(Items from a data source)
- - - - - - -

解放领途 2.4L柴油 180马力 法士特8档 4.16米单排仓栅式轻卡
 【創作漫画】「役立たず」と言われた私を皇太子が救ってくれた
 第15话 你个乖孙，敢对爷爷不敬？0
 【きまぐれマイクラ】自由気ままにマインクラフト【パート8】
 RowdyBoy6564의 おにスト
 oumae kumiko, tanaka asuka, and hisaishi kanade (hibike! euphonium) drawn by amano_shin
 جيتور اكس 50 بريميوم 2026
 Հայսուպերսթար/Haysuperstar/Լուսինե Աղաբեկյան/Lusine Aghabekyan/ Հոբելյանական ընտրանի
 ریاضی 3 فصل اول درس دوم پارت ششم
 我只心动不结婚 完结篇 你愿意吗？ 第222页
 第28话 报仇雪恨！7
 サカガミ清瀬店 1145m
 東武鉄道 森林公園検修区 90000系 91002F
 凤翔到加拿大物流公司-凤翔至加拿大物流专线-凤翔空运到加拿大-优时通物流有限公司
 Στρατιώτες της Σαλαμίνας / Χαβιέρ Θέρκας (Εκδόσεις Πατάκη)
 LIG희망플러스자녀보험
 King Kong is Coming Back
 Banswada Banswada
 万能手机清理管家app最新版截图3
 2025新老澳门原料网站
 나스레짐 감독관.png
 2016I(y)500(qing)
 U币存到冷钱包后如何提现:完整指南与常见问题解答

- - - - - - -

Work order: Print only the lines running from the one with "King Kong is Coming Back" to the final line of the data above, each exactly as it appears.

Solution:
 King Kong is Coming Back
 Banswada Banswada
 万能手机清理管家app最新版截图3
 2025新老澳门原料网站
 나스레짐 감독관.png
 2016I(y)500(qing)
 U币存到冷钱包后如何提现:完整指南与常见问题解答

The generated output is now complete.